Exercise ->
After reading the entries below, copy word for word the lines from the first through the line containing "Heart Cut Lab", and stop there.

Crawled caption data
────

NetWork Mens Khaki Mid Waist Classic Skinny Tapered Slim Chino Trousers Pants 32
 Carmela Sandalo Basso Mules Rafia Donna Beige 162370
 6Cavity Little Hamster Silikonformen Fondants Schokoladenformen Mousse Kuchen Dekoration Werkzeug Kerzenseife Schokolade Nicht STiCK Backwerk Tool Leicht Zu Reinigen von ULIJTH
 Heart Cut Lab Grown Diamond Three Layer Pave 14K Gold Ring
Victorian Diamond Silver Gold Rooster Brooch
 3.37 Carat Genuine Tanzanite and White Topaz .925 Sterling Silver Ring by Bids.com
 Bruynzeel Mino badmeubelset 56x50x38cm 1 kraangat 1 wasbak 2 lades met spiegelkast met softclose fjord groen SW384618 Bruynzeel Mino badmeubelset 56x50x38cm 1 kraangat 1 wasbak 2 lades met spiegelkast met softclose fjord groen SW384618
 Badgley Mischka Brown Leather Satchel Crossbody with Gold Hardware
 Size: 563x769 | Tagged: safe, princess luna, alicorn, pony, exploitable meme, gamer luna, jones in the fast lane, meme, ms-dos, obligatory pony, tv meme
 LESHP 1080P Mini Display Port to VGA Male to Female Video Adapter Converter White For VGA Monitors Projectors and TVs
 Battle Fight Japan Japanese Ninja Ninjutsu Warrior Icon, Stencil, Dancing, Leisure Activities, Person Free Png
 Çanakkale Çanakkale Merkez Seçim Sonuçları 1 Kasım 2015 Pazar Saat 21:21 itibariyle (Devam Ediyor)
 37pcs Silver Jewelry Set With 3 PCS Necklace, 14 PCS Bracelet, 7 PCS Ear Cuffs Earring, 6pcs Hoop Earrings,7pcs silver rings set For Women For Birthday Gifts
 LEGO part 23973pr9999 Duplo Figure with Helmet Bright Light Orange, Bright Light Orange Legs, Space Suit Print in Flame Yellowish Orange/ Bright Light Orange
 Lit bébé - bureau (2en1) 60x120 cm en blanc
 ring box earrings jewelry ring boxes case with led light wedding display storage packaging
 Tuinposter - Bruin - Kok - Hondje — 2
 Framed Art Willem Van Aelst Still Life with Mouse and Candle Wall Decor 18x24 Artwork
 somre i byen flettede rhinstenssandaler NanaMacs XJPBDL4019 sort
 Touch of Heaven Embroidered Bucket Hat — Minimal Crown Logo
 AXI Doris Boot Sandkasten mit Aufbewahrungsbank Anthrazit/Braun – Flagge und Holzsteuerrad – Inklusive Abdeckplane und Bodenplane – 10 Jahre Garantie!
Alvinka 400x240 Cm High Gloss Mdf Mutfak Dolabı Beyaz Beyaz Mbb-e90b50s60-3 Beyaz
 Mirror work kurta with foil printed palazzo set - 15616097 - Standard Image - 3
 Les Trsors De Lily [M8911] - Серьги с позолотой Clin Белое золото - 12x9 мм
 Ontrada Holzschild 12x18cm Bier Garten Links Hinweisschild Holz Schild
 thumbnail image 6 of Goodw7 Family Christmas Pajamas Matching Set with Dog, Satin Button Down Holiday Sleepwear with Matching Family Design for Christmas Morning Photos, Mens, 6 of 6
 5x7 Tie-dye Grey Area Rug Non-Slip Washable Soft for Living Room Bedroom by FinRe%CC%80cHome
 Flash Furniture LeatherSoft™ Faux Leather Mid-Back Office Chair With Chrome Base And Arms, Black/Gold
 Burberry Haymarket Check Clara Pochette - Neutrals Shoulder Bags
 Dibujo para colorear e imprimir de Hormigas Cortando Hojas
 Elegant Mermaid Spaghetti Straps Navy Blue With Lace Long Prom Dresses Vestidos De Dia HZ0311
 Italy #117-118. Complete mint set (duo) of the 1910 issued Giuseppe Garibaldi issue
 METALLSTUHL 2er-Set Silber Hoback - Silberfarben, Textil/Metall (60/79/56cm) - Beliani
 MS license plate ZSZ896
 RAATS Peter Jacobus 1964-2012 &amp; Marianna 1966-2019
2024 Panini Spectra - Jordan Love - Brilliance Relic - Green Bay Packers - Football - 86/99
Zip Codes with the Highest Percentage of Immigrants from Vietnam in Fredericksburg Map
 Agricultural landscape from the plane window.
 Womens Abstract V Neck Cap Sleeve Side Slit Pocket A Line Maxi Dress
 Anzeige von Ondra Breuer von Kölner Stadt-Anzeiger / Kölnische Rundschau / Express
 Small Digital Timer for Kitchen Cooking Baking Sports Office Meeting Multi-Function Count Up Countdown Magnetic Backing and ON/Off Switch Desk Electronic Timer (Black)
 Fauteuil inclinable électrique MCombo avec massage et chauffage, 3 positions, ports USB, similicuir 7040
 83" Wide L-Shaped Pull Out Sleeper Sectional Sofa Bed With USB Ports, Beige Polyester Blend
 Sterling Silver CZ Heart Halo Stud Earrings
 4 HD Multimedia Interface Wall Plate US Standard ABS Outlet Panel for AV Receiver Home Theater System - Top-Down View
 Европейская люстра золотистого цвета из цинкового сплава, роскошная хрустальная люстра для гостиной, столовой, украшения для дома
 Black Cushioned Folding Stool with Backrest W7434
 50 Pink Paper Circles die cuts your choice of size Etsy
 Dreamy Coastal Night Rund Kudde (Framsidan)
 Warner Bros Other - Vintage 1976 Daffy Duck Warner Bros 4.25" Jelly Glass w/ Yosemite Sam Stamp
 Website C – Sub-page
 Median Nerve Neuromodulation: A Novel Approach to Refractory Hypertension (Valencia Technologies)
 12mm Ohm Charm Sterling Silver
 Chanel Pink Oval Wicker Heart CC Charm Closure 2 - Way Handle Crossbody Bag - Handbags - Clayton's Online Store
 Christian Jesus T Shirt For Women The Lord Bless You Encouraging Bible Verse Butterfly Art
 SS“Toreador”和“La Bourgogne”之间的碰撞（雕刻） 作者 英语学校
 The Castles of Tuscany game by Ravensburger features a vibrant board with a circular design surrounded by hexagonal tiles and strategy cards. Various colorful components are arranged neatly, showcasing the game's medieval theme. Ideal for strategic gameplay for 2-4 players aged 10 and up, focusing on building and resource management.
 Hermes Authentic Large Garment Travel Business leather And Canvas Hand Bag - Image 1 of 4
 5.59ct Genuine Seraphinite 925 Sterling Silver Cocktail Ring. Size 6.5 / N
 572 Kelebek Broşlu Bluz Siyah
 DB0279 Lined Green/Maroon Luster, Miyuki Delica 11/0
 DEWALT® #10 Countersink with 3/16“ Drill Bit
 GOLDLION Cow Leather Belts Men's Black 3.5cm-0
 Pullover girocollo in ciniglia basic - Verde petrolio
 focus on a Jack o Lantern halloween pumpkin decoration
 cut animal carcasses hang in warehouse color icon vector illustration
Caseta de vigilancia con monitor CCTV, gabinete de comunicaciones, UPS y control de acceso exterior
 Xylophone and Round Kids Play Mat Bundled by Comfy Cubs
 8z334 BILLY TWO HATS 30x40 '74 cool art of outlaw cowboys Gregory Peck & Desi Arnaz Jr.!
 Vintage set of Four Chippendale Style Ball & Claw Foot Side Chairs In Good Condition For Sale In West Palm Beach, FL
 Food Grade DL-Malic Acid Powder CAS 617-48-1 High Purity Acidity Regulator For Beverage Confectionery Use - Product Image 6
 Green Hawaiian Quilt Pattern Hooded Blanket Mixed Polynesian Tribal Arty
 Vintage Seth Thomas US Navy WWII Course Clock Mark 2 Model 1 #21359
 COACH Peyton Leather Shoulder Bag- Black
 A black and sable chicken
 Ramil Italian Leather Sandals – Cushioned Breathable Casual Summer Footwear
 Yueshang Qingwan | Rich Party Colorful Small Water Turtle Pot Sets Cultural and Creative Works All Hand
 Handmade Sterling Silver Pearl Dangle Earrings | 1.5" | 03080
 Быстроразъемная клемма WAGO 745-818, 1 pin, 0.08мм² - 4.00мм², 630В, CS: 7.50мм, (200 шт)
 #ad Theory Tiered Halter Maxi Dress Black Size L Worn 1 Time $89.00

────

Expected output ->
NetWork Mens Khaki Mid Waist Classic Skinny Tapered Slim Chino Trousers Pants 32
 Carmela Sandalo Basso Mules Rafia Donna Beige 162370
 6Cavity Little Hamster Silikonformen Fondants Schokoladenformen Mousse Kuchen Dekoration Werkzeug Kerzenseife Schokolade Nicht STiCK Backwerk Tool Leicht Zu Reinigen von ULIJTH
 Heart Cut Lab Grown Diamond Three Layer Pave 14K Gold Ring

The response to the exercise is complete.